Thales was famed for his wisdom and political abilities: he was withal
a lyric poet, who under colour of exercising his art, performed as great

things as the most excellent lawgivers. For his odes were so many
persuasives to obedience and unanimity, as by means of melody and
numbers they had great grace and power, they softened insensibly the
manners of the audience, drew them off from the animosities which
then prevailed, and united them in zeal for excellence and virtue. So
that, in some measure, he prepared the way for Lycurgus towards the
instruction of the Spartans. From Crete Lycurgus passed to Asia,
desirous, as is said, to compare the Ionian expense and luxury with the
Cretan frugality and hard diet, so as to judge what effect each had on
their several manners and governments; just as physicians compare
bodies that are weak and sickly with the healthy and robust. There also,
probably, he met with Homer's poems, which were preserved by the
posterity of Cleophylus. Observing that many moral sentences and
much political knowledge were intermixed with his stories, which had
an irresistible charm, he collected them into one body, and transcribed
them with pleasure, in order to take them home with him. For his
glorious poetry was not yet fully known in Greece; only some
particular pieces were in a few hands, as they happened to be dispersed.
Lycurgus was the first that made them generally known. The Egyptians
likewise suppose that he visited them; and as of all their institutions he
was most pleased with their distinguishing the military men from the
rest of the people, he took the same method at Sparta, and, by
separating from these the mechanics and artificers, he rendered the
constitution more noble and more of a piece. This assertion of the
Egyptians is confirmed by some of the Greek writers. But we know of
no one, except Aristocrates, son of Hipparchus, and a Spartan, who has
affirmed that he went to Libya and Spain, and in his Indian excursions
conversed with the Gymnosophists.
The Lacedæmonians found the want of Lycurgus when absent, and sent
many embassies to entreat him to return. For they perceived that their
kings had barely the title and outward appendages of royalty, but in
nothing else differed from the multitude; whereas Lycurgus had
abilities from nature to guide the measures of government, and powers
of persuasion, that drew the hearts of men to him. The kings, however,
where consulted about his return, and they hoped that in his presence
they should experience less insolence amongst the people. Returning

then to a city thus disposed, he immediately applied himself to alter the
whole frame of the constitution; sensible that a partial change, and the
introducing of some new laws, would be of no sort of advantage; but,
as in the case of a body diseased and full of bad humours, whose
temperament is to be corrected and new formed by medicines, it was
necessary to begin a new regimen. With these sentiments he went to
Delphi, and when he had offered and consulted the god, he returned
with that celebrated oracle, in which the priestess called him "Beloved
of the gods, and rather a god than a man." As to his request that he
might enact good laws, she told him, Apollo had heard his request, and
promised that the constitution he should establish would be the most
excellent in the world. Thus encouraged, he applied to the nobility, and
desired them to put their hands to the work; addressing himself
privately at first to his friends, and afterwards by degrees, trying the
disposition of others, and preparing them to concur in the business.

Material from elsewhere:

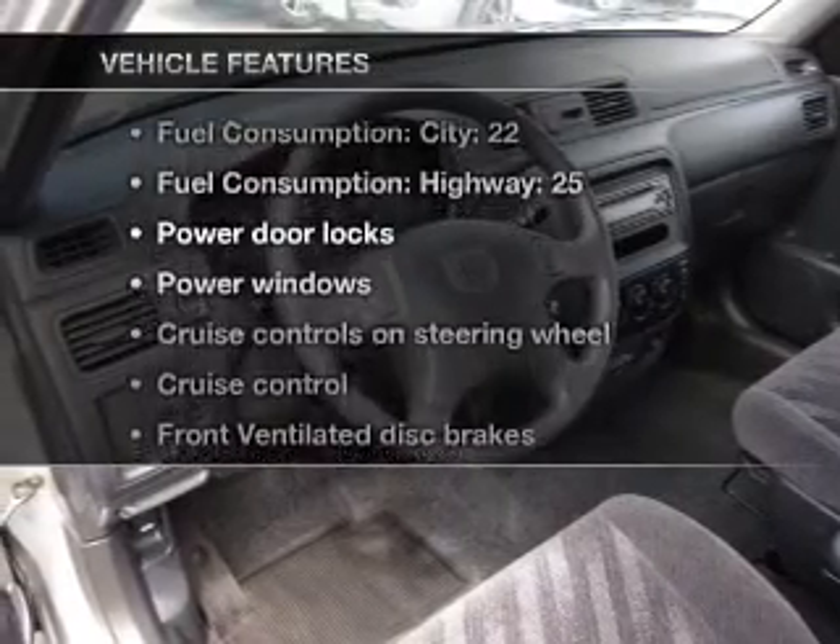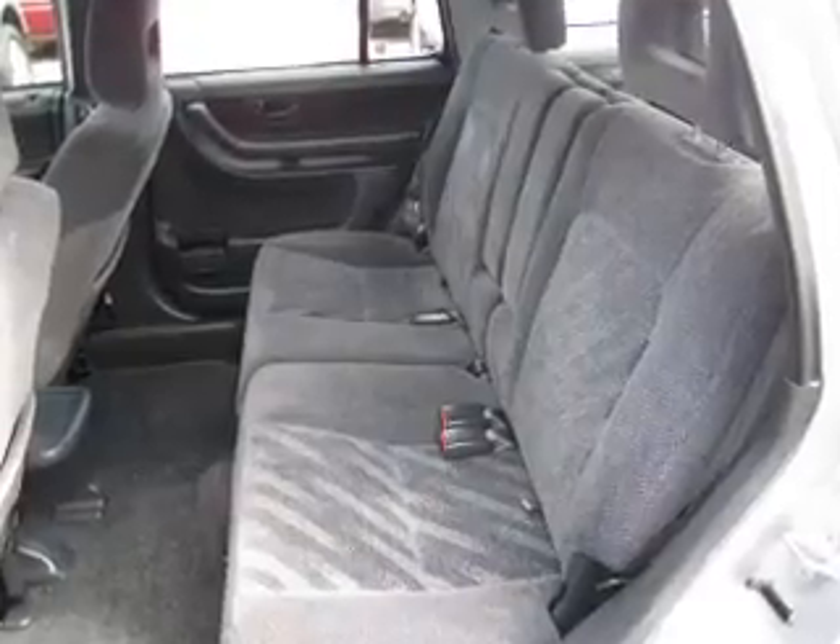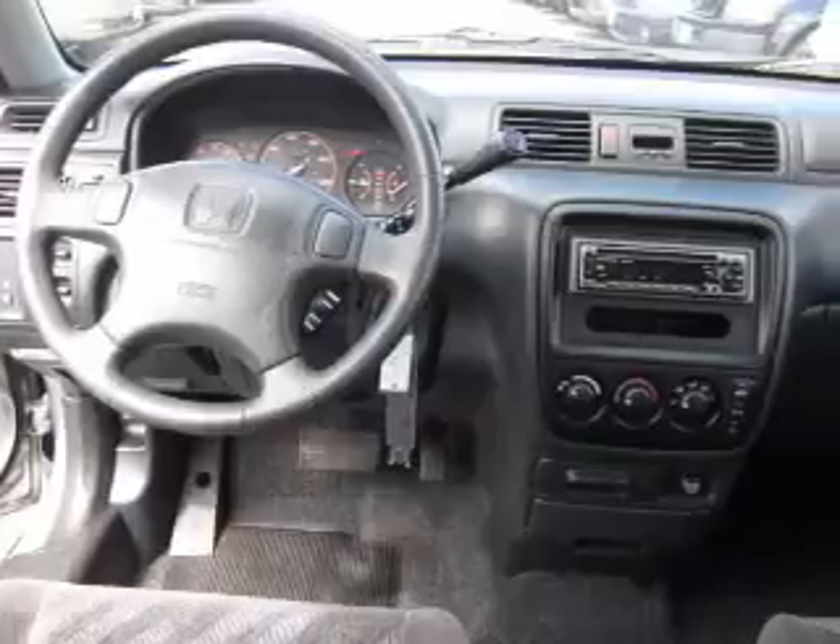Plus, enjoy these notable features that are included in this vehicle: air conditioning, power door locks, power windows, power steering, cruise control, power mirrors, an AM-FM stereo, and an adjustable tilt steering wheel.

When matters were ripe, he ordered thirty of the principal citizens to
appear armed in the market-place by break of day, to strike terror into
such as might desire to oppose him. Hermippus has given us the names
of twenty of the most eminent of them; but he that had the greatest
share in the whole enterprise, and gave Lycurgus the best assistance in
the establishing of his laws, was called Arithmiades. Upon the first
alarm, king Charilaus, apprehending it to be a design against his person,
took refuge in the Chalcioicos. But he was soon satisfied, and accepted
of their oath. Nay, so far from being obstinate, he joined in the
undertaking. Indeed, he was so remarkable for the gentleness of his
disposition, that Archelaus, his partner in the throne, is reported to have
said to some that were praising the young king, "Yes, Charilaus is a
good man to be sure, who cannot find in his heart to punish the bad."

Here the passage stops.